Por otro lado, existía un aspecto en la procesión triunfal en el que las tropas cobraban un especial protagonismo: se trata de la serie de cánticos de carácter obsceno y burlón que los soldados dirigían a su general. A estos efectos, el chismoso historiador Suetonio nos cuenta cómo los soldados de Julio César entonaban a su caudillo este dulce canto: "¡Atención, romanos, vigilad a vuestras esposas, ya está en casa el calvo corneador! ¡Todo el dinero que aquí le prestasteis, en las Galias se lo folló!". Muy probablemente, el objetivo original de estos cánticos fuese también el de neutralizar la envidia de los dioses y proteger a su caudillo del mal de ojo; en todo caso, no es en absoluto descartable que alguno encontrara más que satisfactoria esta forma de proteger a su jefe (los educados chicos de La Roja se habían limitado a mantear discretamente a Del Bosque). En todo caso, debía de tratarse de un instante de especial complicidad entre las tropas y el pueblo que les aclamaba.
Hasta un cierto punto, cualquiera de los 23 jugadores de La Roja habría pasado desapercibido mezclado entre los millares de personas que les aclamaban como héroes. "Somos gente de la calle, gente normal", había dicho Casillas, y eso es precisamente lo que, tras su gran hazaña, los convierte en excepcionales. En un momento dado de la celebración tomó la palabra el mejor maestro de ceremonias; Pepe Reina saludó a sus compañeros al grito de "¡Espartanos!" de la película 300 de Zack Snyder, y entonces sus compañeros y la multitud le respondieron con un aullido guerrero.
A partir de este momento quedó sellada la comunión entre los campeones y sus admiradores y comenzó el show.
Pero hay una parte crucial de la ceremonia de la que apenas ha quedado constancia: ¿qué pasaba –se pregunta Mary Beard en su excepcional El triunfo romano (Crítica, 2009)– con los vendedores de comida y refrescos? ¿Qué hay de los espectadores que sufrían los golpes de calor, o de los que apenas podían disfrutar en la lejanía de las maravillas que los demás aplaudían? ¿Constituían estas celebraciones tan buena oportunidad para el amor como sugiere el poeta Ovidio en su Arte de amar?

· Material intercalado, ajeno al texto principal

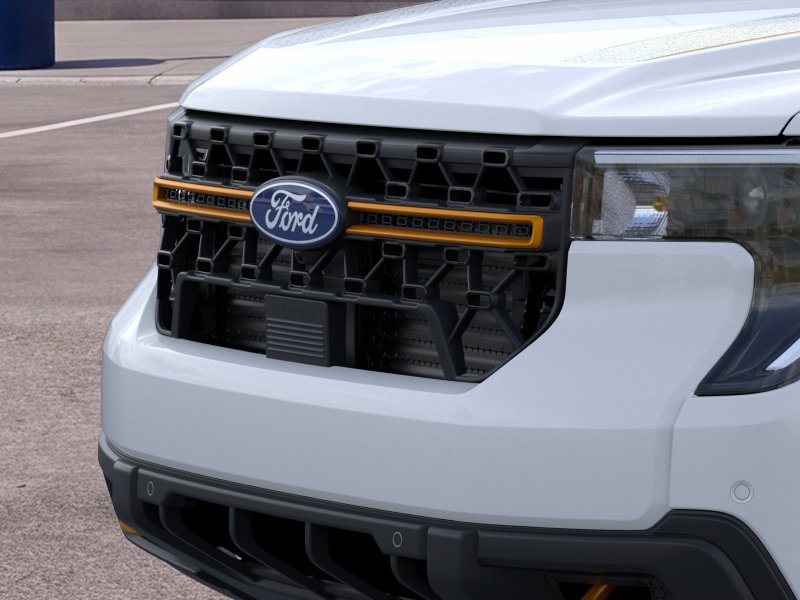 New 2026 Ford Maverick Tremor AWD/4WD image 20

En definitiva, ¿qué pasa con nosotros? ¿Cuál es en realidad el papel de todos aquellos que en la calle o desde casa celebramos el triunfo con los campeones? Sin duda, se trata de un tipo de acontecimiento que genera miles de experiencias, miles de narrativas personales que, todas sumadas, acabarán al cabo del tiempo instalándose en ese país de la memoria del que hablábamos al principio. No es improbable que el papel de la afición sea el de custodiar y alimentar para siempre el fuego sagrado de los mitos.